**What to produce:** Go through the data and copy every line exactly, but not the images.

**Given information:**
■ ■ ■ ■ ■ ■ ■

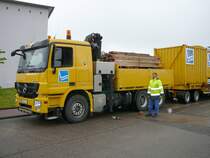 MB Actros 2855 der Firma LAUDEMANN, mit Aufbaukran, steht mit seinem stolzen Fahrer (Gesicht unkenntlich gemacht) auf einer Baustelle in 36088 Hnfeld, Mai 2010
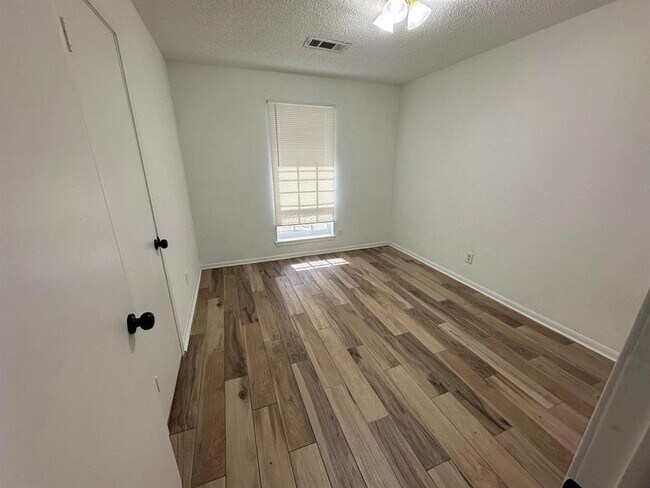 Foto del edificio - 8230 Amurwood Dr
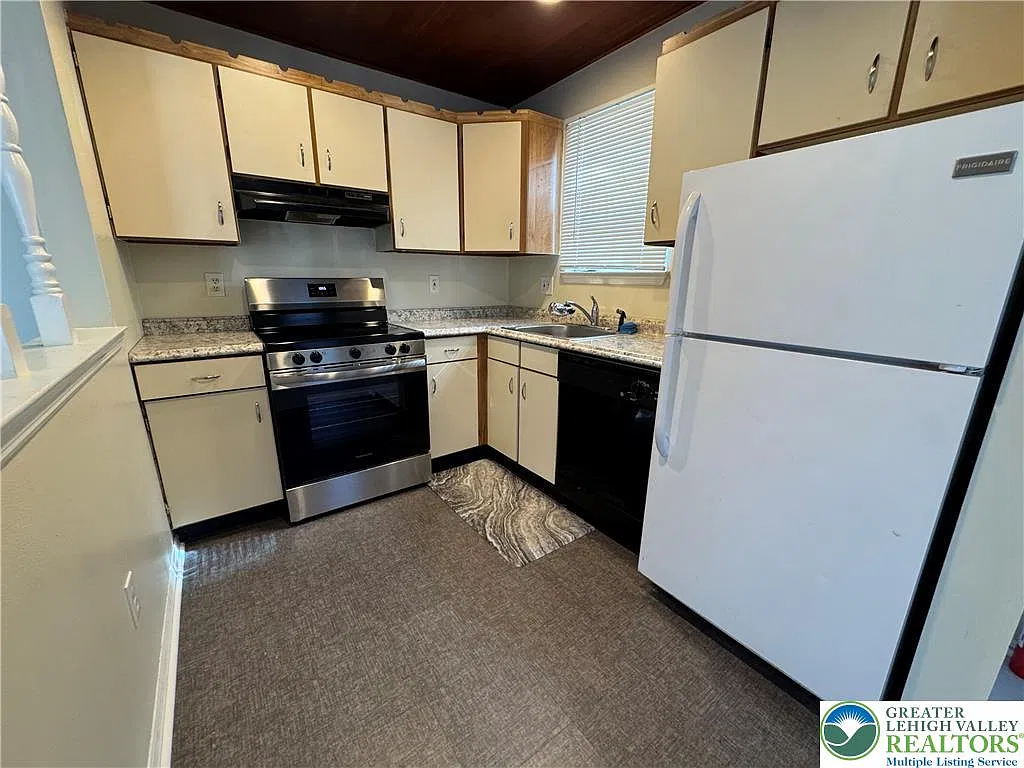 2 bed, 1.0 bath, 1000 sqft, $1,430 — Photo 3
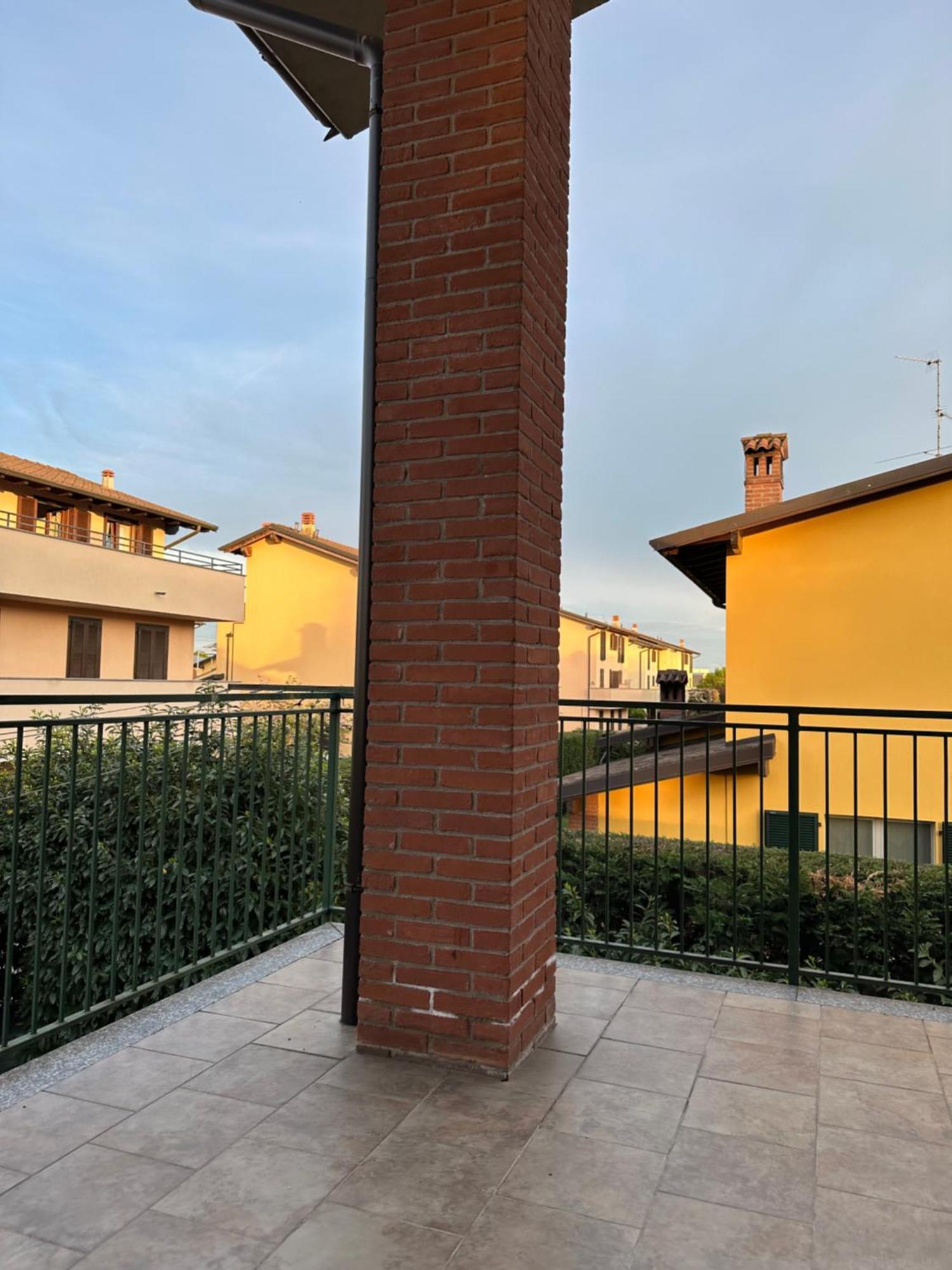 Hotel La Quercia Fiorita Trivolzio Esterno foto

■ ■ ■ ■ ■ ■ ■

**Response below:**
 MB Actros 2855 der Firma LAUDEMANN, mit Aufbaukran, steht mit seinem stolzen Fahrer (Gesicht unkenntlich gemacht) auf einer Baustelle in 36088 Hnfeld, Mai 2010
 Foto del edificio - 8230 Amurwood Dr
 2 bed, 1.0 bath, 1000 sqft, $1,430 — Photo 3
 Hotel La Quercia Fiorita Trivolzio Esterno foto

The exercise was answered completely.